Apple Wants to Ban Sales on Eight Samsung Smartphones

Galaxy S 4G

Source: Galaxy S 4G | Samsung

Although a jury found a bevy of Samsung products infringed upon Apple’s patented inventions, the Cupertino-based company informed the court that it only seeks ban on eight Samsung smartphones. These include Galaxy S 4G, Galaxy S2 AT&T, Galaxy S2 Skyrocket, Galaxy S2 T-Mobile, Galaxy S2 Epic 4G, Galaxy S Showcase, Droid Charge, and Galaxy Prevail.

According to the company’s court filing, the mentioned handsets infringed a total of seven patents, which are similar to what the jury determined last week. The said patents are comprised of two design patents (D’677 and D’305), three utility patents (915 patent, 381 patent, and 163 patent), and two trade dress patents.

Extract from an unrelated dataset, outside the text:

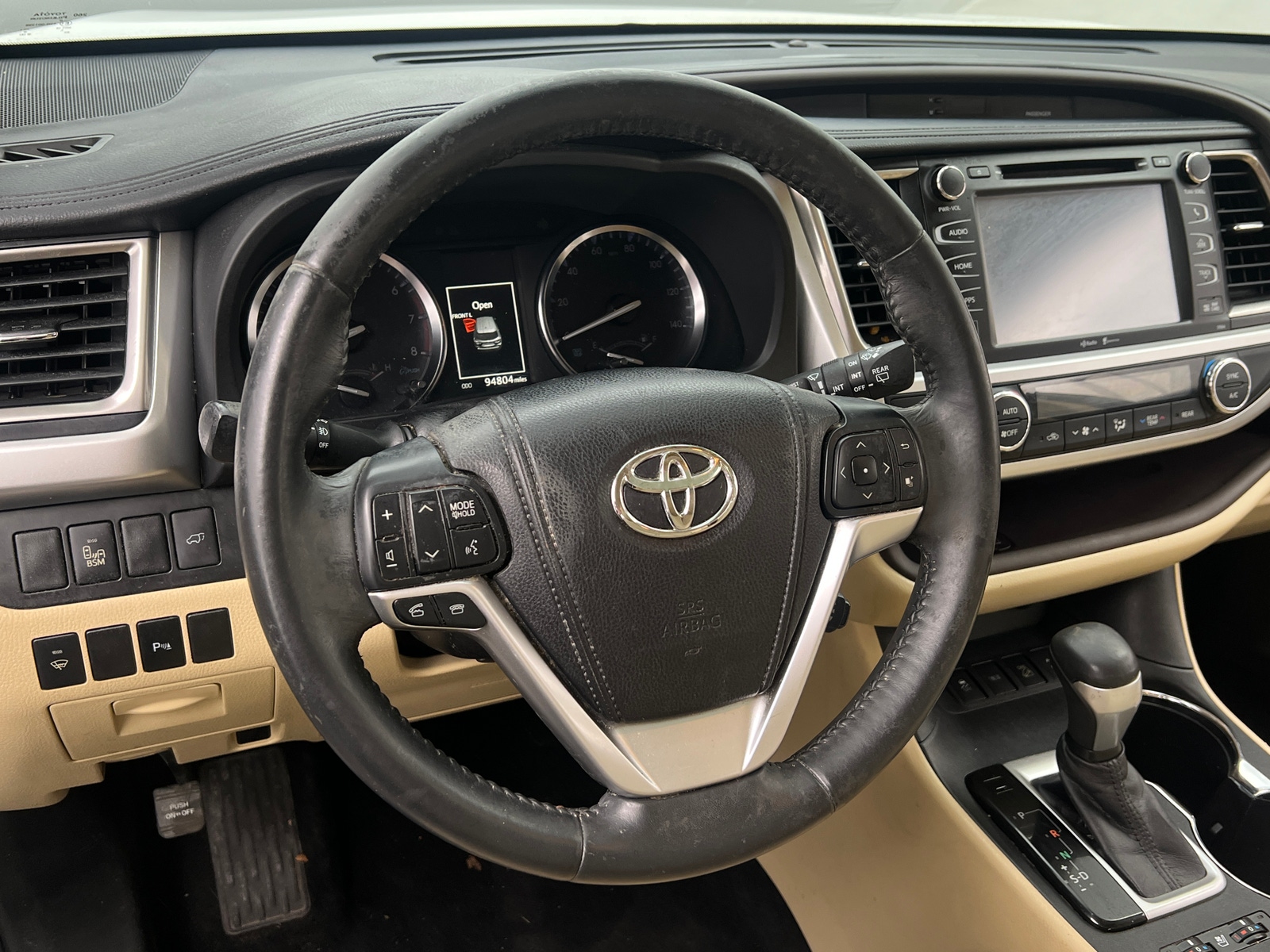 Thumbnail: 2014 Toyota Highlander - 4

Among the listed Samsung smartphones, the Galaxy S 4G was found to have infringed all seven patents cited by Apple. Different forms of Galaxy S2 were also found infringing a number of design and utility patents, while Galaxy S Showcase violated Apple’s design and trade dress patents. In addition, the Droid Charge infringes on one design patent, while the Galaxy Prevail violates all three utility patents.

Apple vs. Samsung Verdict

While Apple seeks to ban sales on eight Samsung handsets, the jury determined that the Korean tech giant should pay more than one billion to the iPhone maker for damages.

The verdict was given after two and a half days of deliberation and after hearing closing arguments from both parties’ counsel. Apple provided evidences proving that Samsung “took action that it knew or should have known would induce SEA or STA to infringe D’677, D’087, D’305, and/or D’889 Patents.”

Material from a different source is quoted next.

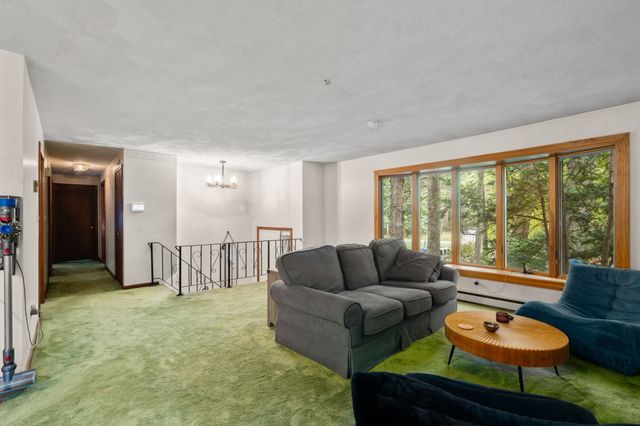 145 White Pond Rd, Hudson, MA 01749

On the other hand, Samsung was unable to prove that the iPhone maker’s patent were invalid, including the ‘893 trade dress. Apple was also able to prove that only the iPhone 3G trade dress protectable.

Prior to hearing the verdict, Samsung’s counsel filed a notice requesting the court to hold the jury for 30 minutes in case of inconsistencies relating to damages awarded. Two inconsistencies were found afterwards, awarding Galaxy Tab 10.1 LTE and Intercept smartphone without citing any infringement. Due to this, the company’s damages were dropped from $1.5 billion to $1.049 billion.

Apple’s filing last Monday asks the court for a preliminary injunction that bans sales on the eight infringing mobile phones. This move is made in order to have a pending final injunction against the said devices. A number of internal documents were also made public during the proceedings, as Judge Koh mandated an open trial.